Maldaner (2000) aponta que a crise da confiança no conhecimento profissional, bem como a incapacidade que os profissionais manifestam ao lidar com as situações práticas, está na separação entre pensamento e ação, teoria e prática, mundo acadêmico e mundo do dia a dia. As raízes destas dicotomias devem ser buscadas em uma visão particular de ciência e de profissão, que deriva do positivismo do século XIX (Schön, 2000). Segundo essa visão, o conhecimento instrumental e prático torna-se conhecimento profissional, baseado nos resultados da pesquisa científica que, por sua vez, cabe às universidades e institutos de pesquisas específicas. As escolas ou cursos que formavam profissionais especiais e de reconhecimento na sociedade, como engenheiros, médicos, advogados, etc, eram considerados escolas ―superiores‖, não era em qualquer instituto que o conhecimento científico era realizado. Aos profissionais de um ―status” inferior tais como os professores, assistentes sociais, planejadores urbanos e outros cabendo como aplicadores desses conhecimentos à prática cotidiana. O currículo de formação profissional, com base na racionalidade técnica derivada do positivismo, tende, exatamente, a separar o mundo acadêmico do mundo da prática e, assim, manter o monopólio da pesquisa. Dentro dos espaços e tempos possíveis hoje, que existem, a escola concreta não é um todo determinado, Maldaner (2000) propõe a participação essencial do professor na concepção e concretização do currículo a ser desenvolvido na escola e dentro das salas de aula, gerando, coletivamente, saberes e valores.
A matriz curricular proposta para os novos curso de licenciatura em Química deverá possuir dois eixos principais, um que trata dos conteúdos da formação do professor e outro dos conteúdos básicos, sendo baseada na resolução CNE/CP Nº 02 de
2002, que determina a carga horária dos cursos de licenciatura de graduação plena para formação de professores de educação básica em nível superior. . De acordo com esta Resolução as licenciaturas deverão ter no mínimo uma carga horária de 2800 (duas mil e oitocentas) horas, nas quais a articulação teoria-prática garanta, nos termos dos seus projetos pedagógicos, as seguintes dimensões dos componentes comuns:
I - 400 (quatrocentas) horas de prática como componente curricular, vivenciadas ao longo do curso;
II - 400 (quatrocentas) horas de estágio curricular supervisionado a partir do início da segunda
metade do curso;
III- 1800 (mil e oitocentas) horas de aulas para os conteúdos curriculares de natureza científico-cultural;
IV- 200 (duzentas) horas para outras formas de atividades acadêmico-científico- culturais.

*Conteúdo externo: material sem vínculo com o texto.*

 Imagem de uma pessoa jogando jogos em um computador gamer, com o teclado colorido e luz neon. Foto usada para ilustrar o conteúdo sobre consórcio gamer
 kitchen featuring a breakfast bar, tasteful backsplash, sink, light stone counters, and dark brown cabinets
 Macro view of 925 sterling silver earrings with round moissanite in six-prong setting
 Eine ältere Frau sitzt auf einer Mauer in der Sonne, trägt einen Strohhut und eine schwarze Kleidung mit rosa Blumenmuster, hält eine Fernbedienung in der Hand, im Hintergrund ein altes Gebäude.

Os alunos que exercem atividades docentes na educação básica durante o curso de graduação poderão de acordo com a Resolução CNE/CP Nº 02, ter redução da carga horária do estágio supervisionado até o máximo de 200 (duzentas) horas. Em consonância com essa resolução, o licenciado em Química deve ter formação ampla para ministrar os conteúdos nas diversas áreas de química e áreas afins, como também uma adequada preparação na área pedagógica, trabalhando a interdisciplinaridade.
Leal (2009) indica que, para haver a superação desse horizonte, será preciso a efetiva valorização da profissão docente e o amadurecimento das concepções que vigoram nos cursos de formação de professores (e nas universidades como um todo), pois na formação de professores de Química, área tão consagrada nos campos científico, tecnológico e da produção de bens de consumo e equipamentos, é comum a prática e os saberes pedagógicos figurarem como aspecto de segunda categoria. O autor acredita que os movimentos de superação dessa realidade decorrem de mobilização, vigilância, debates e reflexões permanentes sob as diferenças indicadas no Quadro 1 sobre os objetos de estudo de cada profissão.

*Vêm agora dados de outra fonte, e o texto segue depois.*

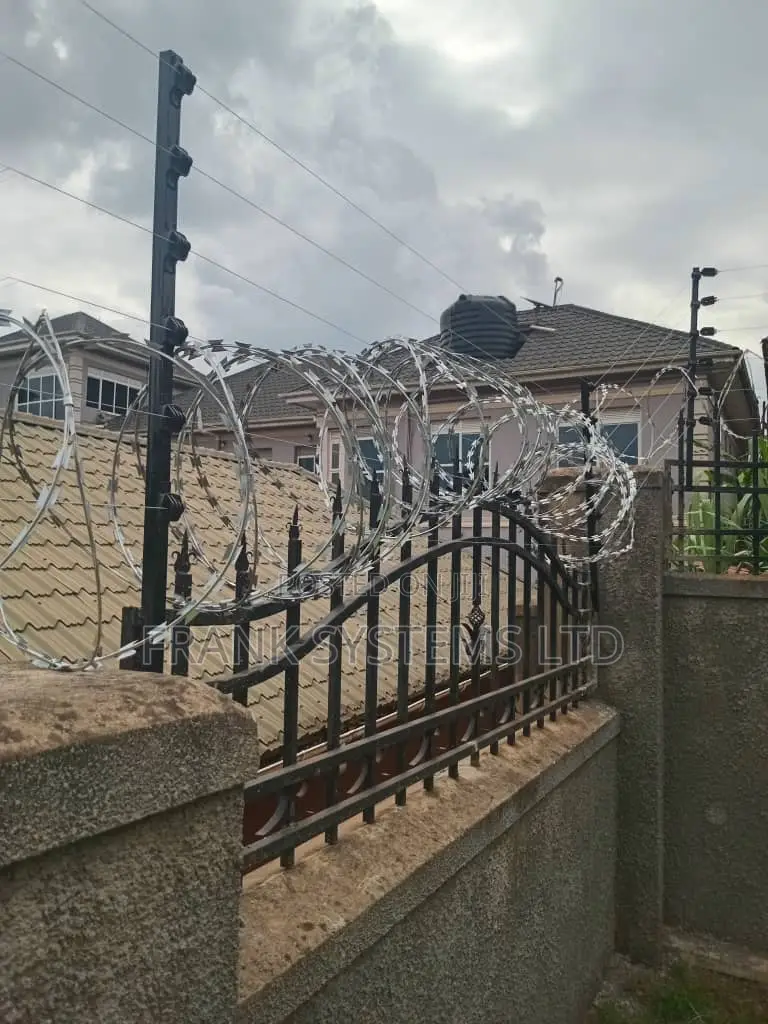 Electric Fence System With Razor Wire on Grills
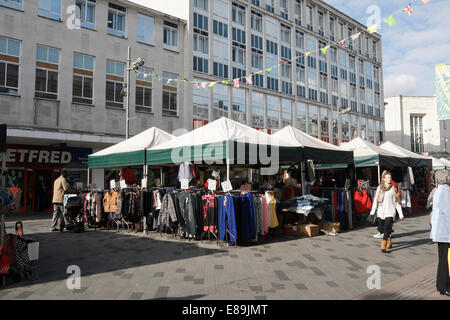 Shoppers on the Moor in Sheffield England, with outdoor market stalls. Stock Photo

Quadro 1- Algumas diferenças entre o fazer Química e o fazer Ensino de Química
O QUÍMICO O PROFESSOR DE QUÍMICA
Trabalha e estuda com um tema específico.

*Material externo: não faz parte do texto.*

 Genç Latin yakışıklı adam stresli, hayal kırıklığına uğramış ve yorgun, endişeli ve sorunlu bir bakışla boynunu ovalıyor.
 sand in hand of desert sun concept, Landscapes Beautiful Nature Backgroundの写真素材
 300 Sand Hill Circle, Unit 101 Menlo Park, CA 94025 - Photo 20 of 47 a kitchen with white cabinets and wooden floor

Trabalha e estuda com o conhecimento químico como um todo.
Trabalha a partir de objetivos bem definidos.
Trabalha com temas amplos e rigidamente sequenciados, sem motivação objetiva especialmente para os alunos.
Os objetivos da atividade do químico implica uma metodologia própria do ramo.
Os objetivos educacionais da atividade do professor implicam metodologias de ensino.
Fonte: Adaptado pela autora, de Leal (2009)
A associação de ensino com pesquisa nos cursos de graduação de acordo com Rosa (2004) é uma possibilidade para a melhoria na formação profissional. Deste modo, a interação ou a integração nos diferentes estágios da prática docente pode ser um ponto de partida para a melhoria na qualidade do ensino-aprendizagem, por meio do dialogo e colaboração da reconstrução e contextualização dos conhecimentos no âmbito da escola. A autora descreve uma história de um grupo de professoras com trajetórias diferentes e diferenciadas que se cruzaram, possibilitando a configuração de um caminho distinto, ímpar e produtivo.
As relações assimétricas observadas durante o processo de parceria parecem guardar certos vínculos que ora se dão pelas vias da racionalidade técnica, ora pela racionalidade prática. É nesse movimento que a parceria colaborativa vai se constituindo e que concepções de ensino se articulam a concepções de investigação educativa. Nesta narrativa a autora defende a constituição da docência como objeto de investigação, condição esta que se configura essencial para o desenvolvimento profissional docente. O que se percebe no contexto da formação inicial de professores de Ciências é que, em geral, a concepção de investigação que se constrói no desenvolvimento do currículo é uma pesquisa de caráter naturalista e empirista. Tal modelo de pesquisa é concebido como um processo de conhecimento, no qual o investigador é um sujeito externo, neutro e que não interfere no comportamento de seu objeto de investigação.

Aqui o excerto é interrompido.